I worked as a journalist for ten years. I think I was fairly good at it: I encountered “hacks” pretty early on (by which I mean journalists who write without giving a shit about what they write) and decided I did not want to be one of them.
Good journalism requires diligence, persistence, neutrality, and some form of emotional connection with the subject at hand (these last two are especially difficult to balance, which is why a journalist’s work is always edited by someone else).
As a result, I have learned a useful life-skill, which is the ability to process a piece of text – be it a press release, an article, a blog, or a Facebook post – and quickly sift what is important and pertinent from what is nothing but bumph. This is how I do it.
1 – My own bias
The first question I always ask is this: Do I agree with what the writer has written? Do I share the same beliefs?
If this is the case, I take especial care: the most dangerous of lies are those we wish to be true, and a sympathy towards the information you are reading will seriously skew your ability to understand it.
2 – The writer’s bias
This is far easier than the above, as you can apply a simple checklist of rules. Why has the writer written this? What is the tone of the prose? Is the writer presenting information, or is he or she trying to convince you of something? Do you get the sense the writer cares about the piece? If so, do they care too much about what they are writing? Does his or her emotional connection to the subject matter override the ability to present a neutral and balanced piece of prose?
What about the writing style? Does the writer employ clear, precise sentences formed from words that are easily understandable? Or do they stuff the piece with pretentious phrases, Latin words in italics, and worn-out metaphors? If the latter is the case, the writer is either not very good, or is more concerned with displaying his or her intellect than in conveying information.
Last of all, ask yourself where this piece has been published. Does the publication have a distinct political bias? Has the information been funded by right- or left-wing think tanks?
This brings me to the title of the piece. The Daily Mail is the most clearly biased publication in the UK – I can say this with authority as I wrote numerous articles for the newspaper while freelancing (they paid well – what more can I say?) and saw how my original text was always rearranged and forced to fit The Mail’s agenda.
So, if you wish to try out the techniques I have outlined, I invite you to do this: spend a month reading a newspaper that is directly opposed to your own political views – The Mail for those of left-wing persuasions, The Guardian for those of the right – and notice how easy it is to spot the things with which you disagree.

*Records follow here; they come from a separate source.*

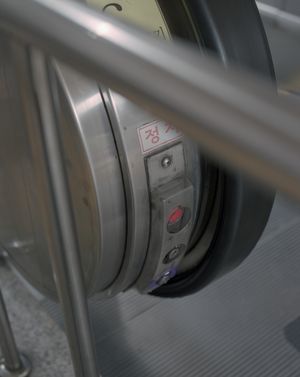 한국 에스컬레이터의 비상 정지 버튼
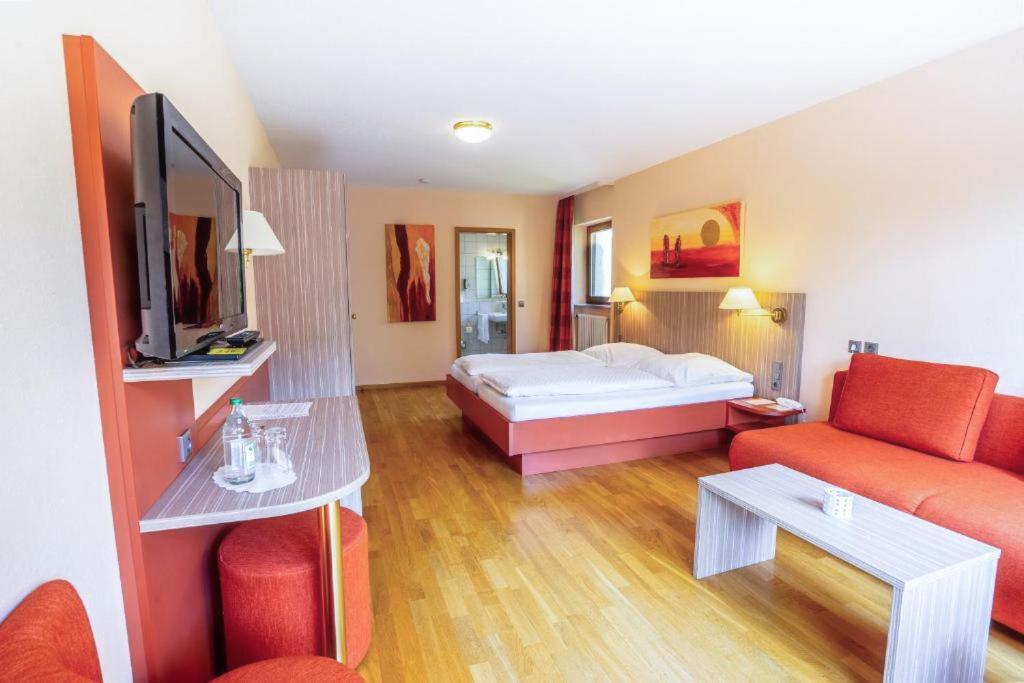 Wohlfuehlhotel Sonnengarten ユーバーリンゲン エクステリア 写真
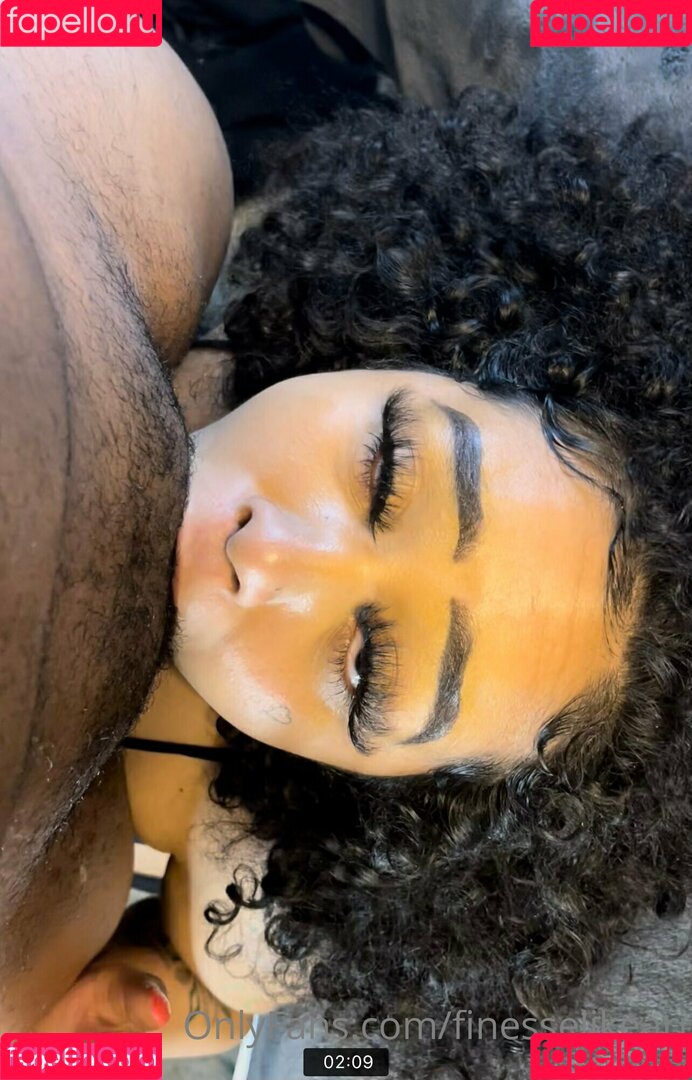 finesselikeari Onlyfans Photo Gallery 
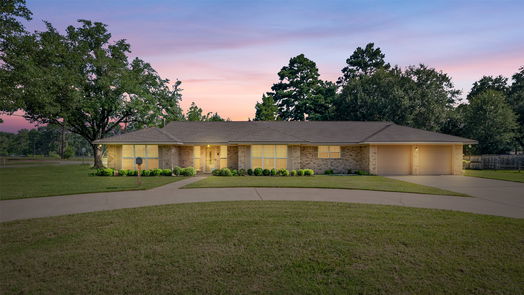 Tomball 1-story, 3-bed 534 W Hufsmith Road-idx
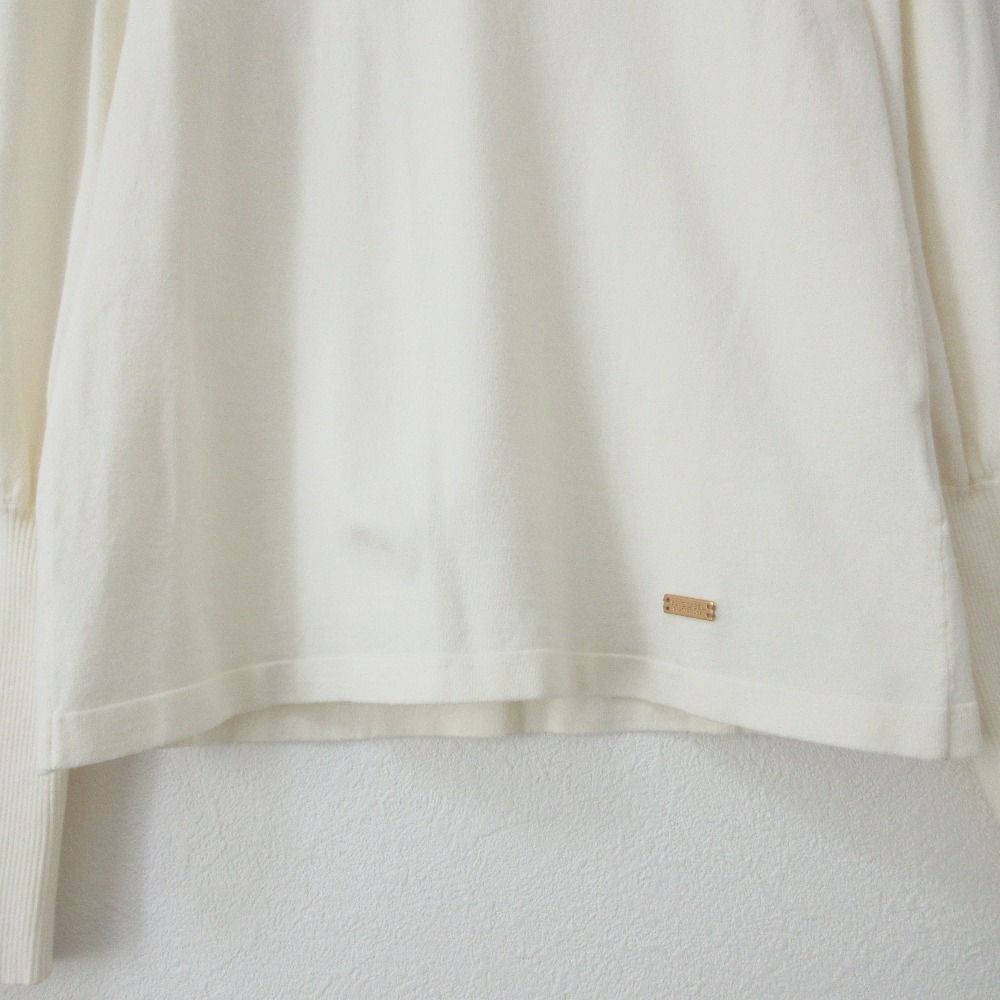 美品 BLUE LABEL CRESTBRIDGE ブルーレーベルクレストブリッジ ウォームレーヨンストレッチニットトップス カットソー 38 ホワイト レディース 古着 中古 美品 BLUE LABEL CRESTBRIDGE ブルーレーベルクレストブリッジ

Concentrate and focus on how you do this. Then switch back to the other newspaper and try to apply the same process.
We live in an age where the quantity of information we receive has expanded exponentially – we are glutted with the wretched stuff every time we turn on a computer – while the quality of said information has diminished to a proportional degree.
Knowledge is power, but it is necessary to learn how to dig for the diamonds amid the dust heaps.